*Task inputs:*
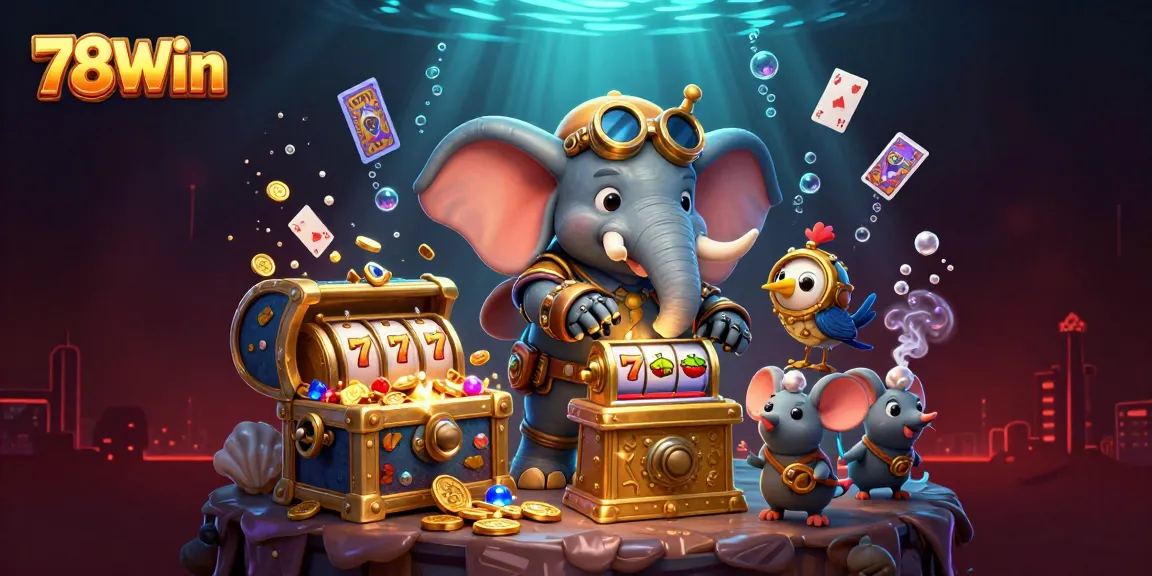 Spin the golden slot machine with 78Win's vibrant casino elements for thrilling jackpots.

* * *

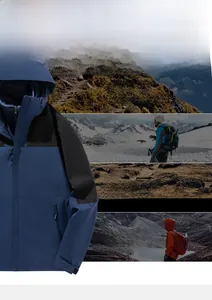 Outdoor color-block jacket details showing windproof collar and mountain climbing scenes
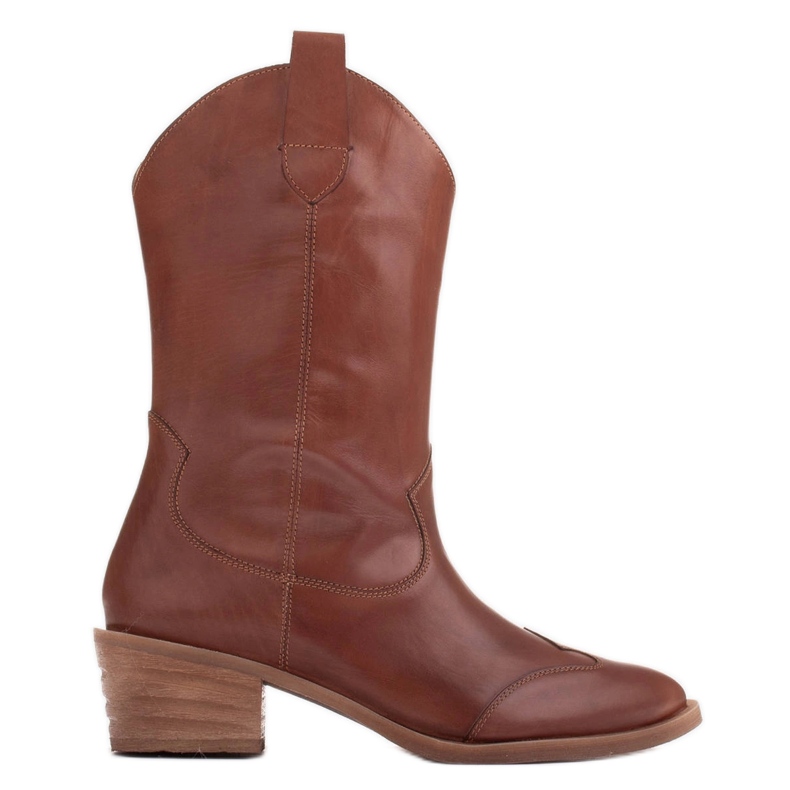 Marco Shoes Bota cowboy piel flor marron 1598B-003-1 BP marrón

...

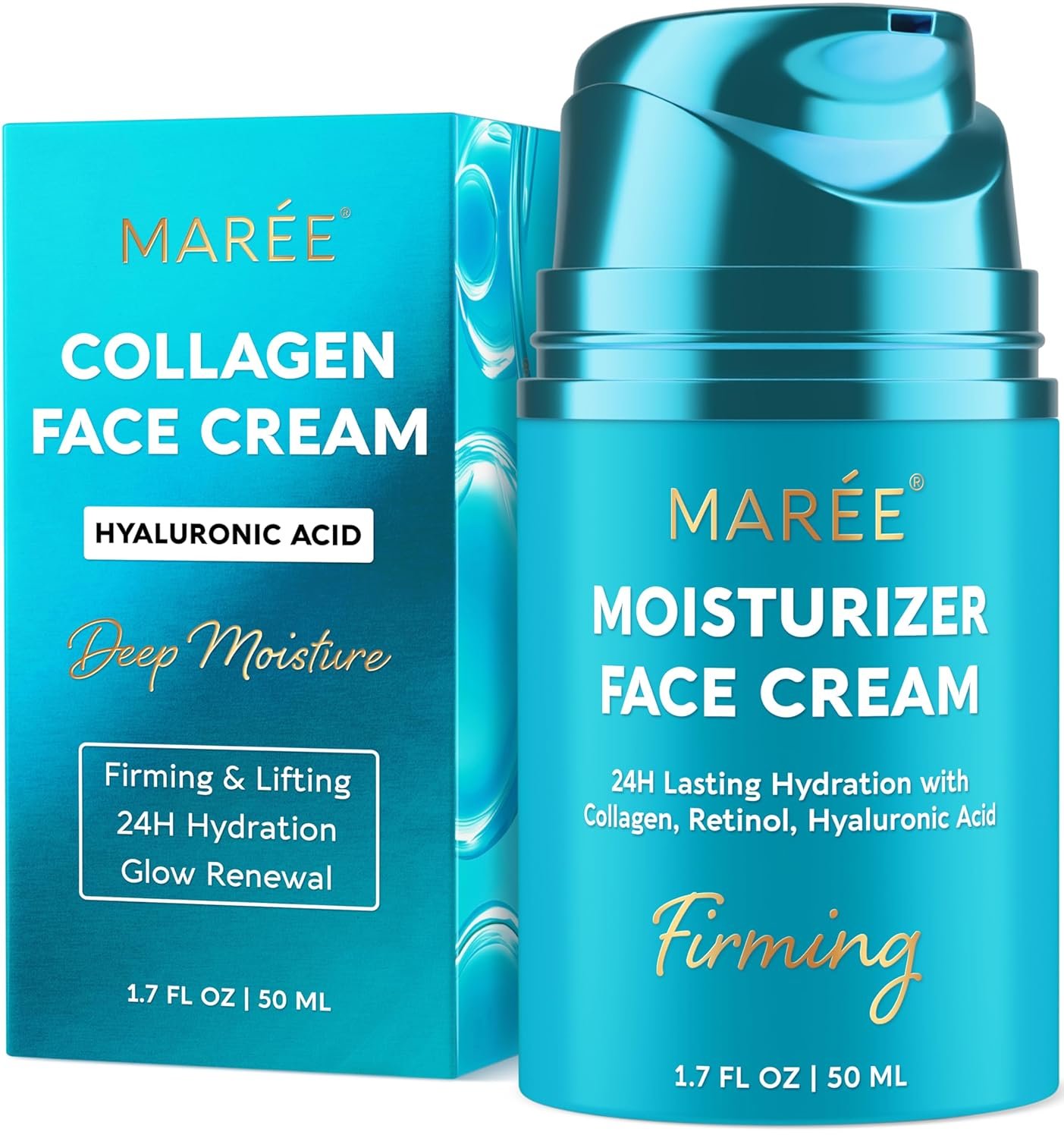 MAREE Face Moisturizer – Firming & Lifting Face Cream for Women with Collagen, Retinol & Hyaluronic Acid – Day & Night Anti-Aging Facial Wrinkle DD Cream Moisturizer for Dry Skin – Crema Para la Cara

*What to produce:* From the data above, return exactly the lines from the one with "Outdoor color-block jacket" up to and including the one with "Marco Shoes Bota". Pictures do not go in the copy.

*Response area:*
 Outdoor color-block jacket details showing windproof collar and mountain climbing scenes
 Marco Shoes Bota cowboy piel flor marron 1598B-003-1 BP marrón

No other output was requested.